The animation in this video is something else. Not only that this video has good content, but the animations can also be quite entertaining as well. I really like how the guy from the video uses the animations to explain about race conditions. This way, we can have a visual representation of the system to better understand the topic. The explanations are also clear and easy to understand. This video also tells us a way to prevent a race condition by using the Dekker’s Algorithm.
There are four conditions which must be true when there is a deadlock, those are: Mutual Exclusion, No Preemption, Hold and Wait, and Circular Wait. If one of the four is false, then a deadlock will never occur. This video will explain more in detail about those four conditions of a deadlock. The explanations are well delivered and easy to understand. The video also has pictures and diagrams to help us understand deadlocks better.
Based on this video, there are four ways to handle deadlocks, which are: Prevention, Avoidance, Detection and Recovery, and Ignorance. It turns out that popular operating systems, such as Windows and UNIX, ignore deadlocks. They ignore deadlocks because deadlocks are considered rare and are unlikely to happen. Even if they implement a way to handle deadlocks, the cost will compromise the speed. This video explains these handling methods well. The video also uses real life examples so that we can understand better.
Extra links
A QnA article that also talks about the same question.
Why do modern operating systems pretend that deadlocks do not occur? (QnA Article)

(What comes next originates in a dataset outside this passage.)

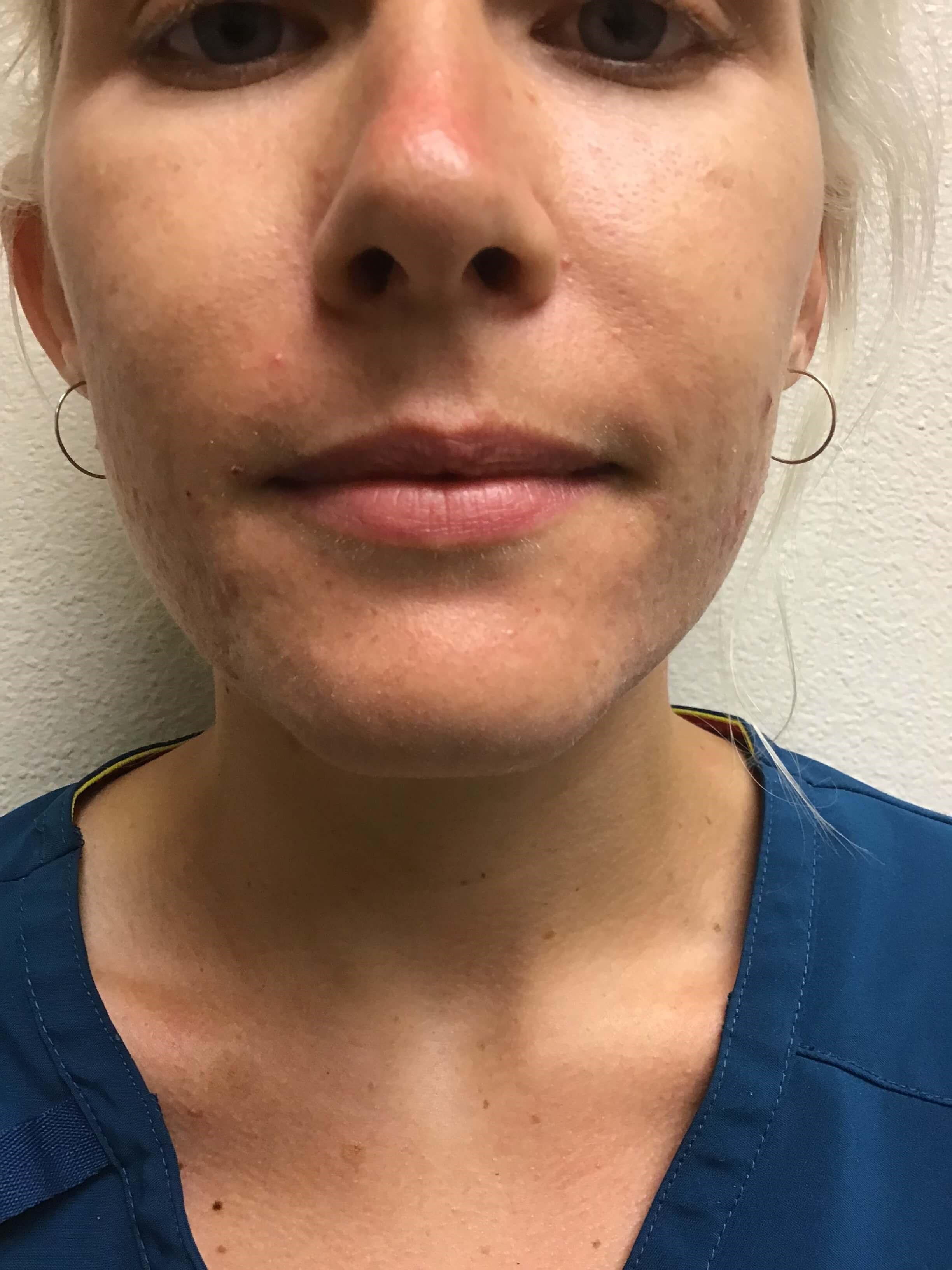 Before and After Lip Filler Before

I was still wondering on why popular operating systems, such as Windows and UNIX, ignores deadlocks. So, I search for more information. It turns out that one of the reasons why deadlocks are ignored is because it is very unlikely to happen. The method to handle deadlocks are not simple, thus increasing complexity. It is better for the developers to handle system failure, crashes, and other stuffs that are most likely to happen rather than handling deadlocks. Other than that, deadlock detection also consumes a hefty amount of resources which can starve your system. And the deadlock is very unlikely to happen. So, you will be wasting a lot of resources for something that is probably not going to happen. Mubazir.
One of the ways to handle deadlocks is Prevention. This video will explain prevention methods to prevent deadlocks. What I like about this video is that it gives prevention methods for all the deadlock conditions. So, we can have a better insight on how to make each single deadlock condition false in order to prevent deadlocks. Moreover, the video also has great explanation and uses pictures and diagrams to help us understand deadlock preventions better.
Extra links
Part two of the video.
Deadlock Avoidance | Banker’s Algorithm (Part 2)
Another way to handle deadlocks is Avoidance. Banker’s Algorithm is a method that is used to avoid deadlocks. From what I learned from the video, Banker’s Algorithm will assess the resources each process needs. It will then create a sequence of processes that is safe to execute. When there are not sequences that can be generated, then a deadlock will certainly occur. The explanation of this video is detailed step-by-steps so that you will not miss a single detail on how the algorithm works.
This is the real life example of the occurrences of a deadlock. The video gives us an example of a deadlock that occur in a PostgreSQL database. It feels good to actually see a real life deadlock in action. It can give you more insight about what does a deadlock looks like. The way that the guy from the video explain is easy to follow and understand. Moreover, we are also taking the Databases Course, who knows, this example might be helpful in the future.
This is more of a specific example of a deadlock in programming. He shows us an example program that will produce a deadlock. Surprisingly, even though the program is designed to produce deadlocks, the deadlock did not occur. This is because deadlocks are very unlikely to happen (more about this in the other links). He also shows us how to prevent those deadlocks by writing proper programs that will not produce deadlocks. His explanation is also easy to follow and understand, which is good.
This famous problem that is often used when explaining about deadlocks is very helpful when you are learning about deadlocks. A little fun fact, the person who formulated this problem is the same person who created the Semaphore solution, as well as the Dijkstra Algorithm, Edsger W. Dijkstra. This problem pictures the example of deadlocking, the condition where every philosopher on the table is doing nothing, only thinking. Therefore I am nothing is accomplished. Similar to when a process is waiting for another process which is waiting for the process. Nothing is accomplished. This video explains this problem more in detail. The video also provides picture so that we can have a better picture of the problem.
Peterson’s Algorithm is also one of the ways to prevent deadlocks. It uses two types of signals, the turn signal and the flag signal. More about the Peterson’s Algorithm in this video, I really like this video because the guy from the video uses real life examples to explain about Peterson’s Algorithm. This way, we can have a better perspective on how the algorithm works.